Miss A called police after Child A threatened her with the tools after she confiscated her mobile phone due to a safeguarding concern, the panel previously heard.

She feared the girl's behaviour may have been affected by consuming cannabis edibles and on Monday said that Child A hit her with the hammer after she called 999.

The incident left Child A with "three barbs in her skin" which had to be removed by paramedics and she spent a night in hospital, Ms Checa-Dover previously said.

Met Police Commander Jon Savell said it was "an extremely rare and unusual case".

"In the immediate days after the incident, a senior officer visited the address to apologise for the trauma caused to the girl and her family," he added.

"Although no misconduct has been found, we repeat this apology today.

"The panel found that Pc Broadhead did not breach professional standards based on the information known to him at the time and the clear threat presented, and that he had acted in accordance with his training for the safety of all those involved."

The IOPC launched an investigation into Pc Broadhead's conduct in March 2021, after the force referred a complaint from the Child A's father, and later decided he should face a gross misconduct hearing.

IOPC regional director Mel Palmer said: "Following our investigation, it was our view that an independent disciplinary panel could - based on the evidence - find that the officer had committed gross misconduct by breaching the standard of professional behaviour for use of force.

"But only a disciplinary panel - led by an independent, legally-qualified chair - can decide if the gross misconduct allegation is proven and the panel has now decided that the officer's use of force was reasonable and proportionate in the circumstances.

"We did find the officers provided adequate aftercare to the child by calling paramedics to remove the Taser barbs, performing a partial search and keeping her in handcuffs.

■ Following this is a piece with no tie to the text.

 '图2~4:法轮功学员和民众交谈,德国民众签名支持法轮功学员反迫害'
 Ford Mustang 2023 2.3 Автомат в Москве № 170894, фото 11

"This meant that the barbs were not moved, which may have caused her further pain."

Police said after the incident that they had not identified any misconduct. The Crown Prosecution Service earlier decided not to prosecute PC Broadhead for excessive use of force.

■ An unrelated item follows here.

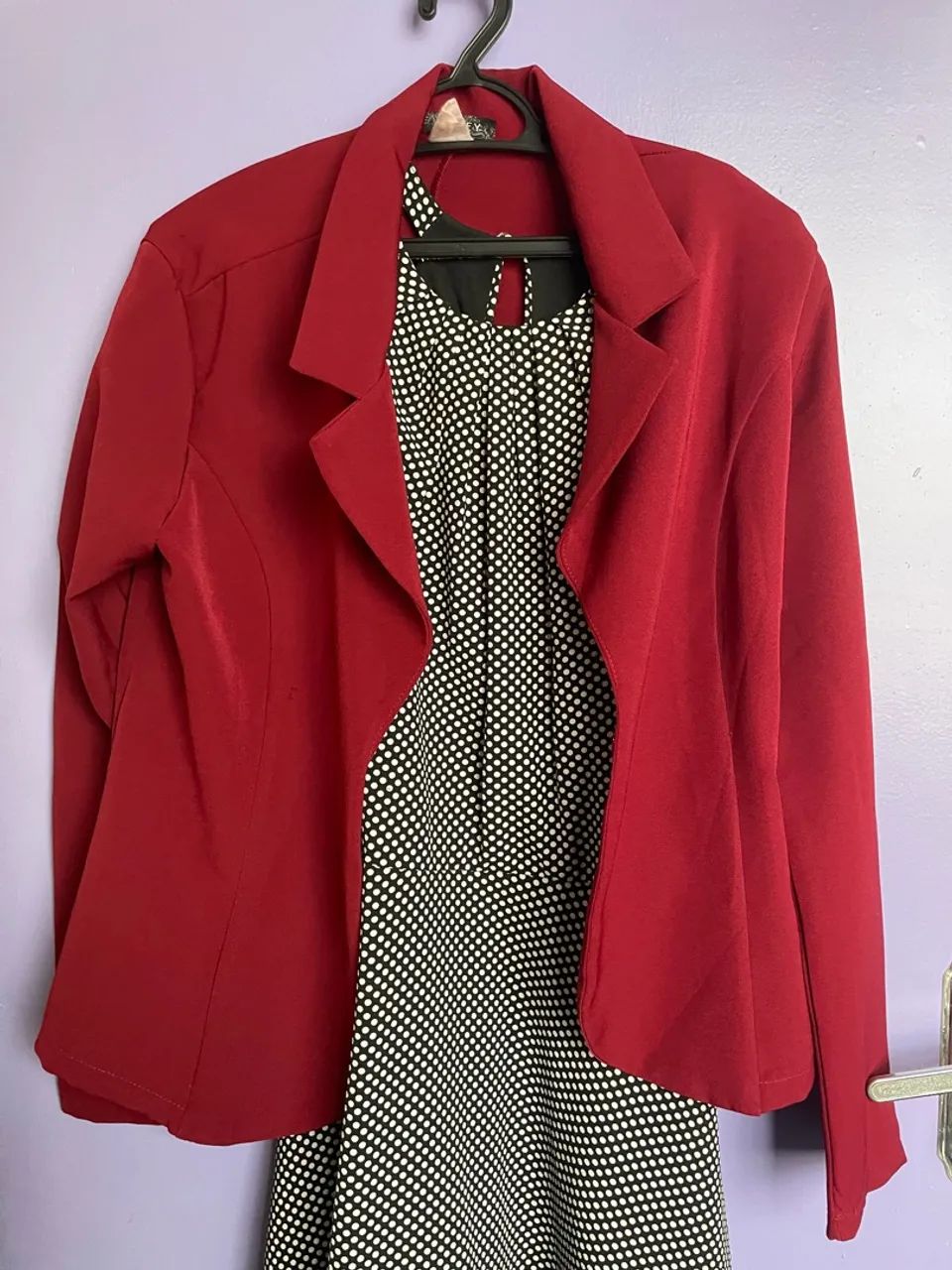 Conjunto Social: Blazer Vermelho e Vestido Poá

A CPS spokesperson said: “Following a careful review of the file sent by the Independent Office for Police Conduct, we determined that there was no realistic prospect of conviction in this case.

"Our decision took into account all of the available evidence and the officer’s use of a taser in light of the circumstances and the law.

"The decision not to charge was upheld following a Victim’s Right to Review, and we explained our decision to the girl’s family.”

The girl's lawyer said in a blogpost that "although my client was ‘armed’ with the shears, there was no suggestion that she was actively seeking to attack anyone with them".

If a police officer is found to have committed gross misconduct, they may be fired or demoted, among other possible punishments.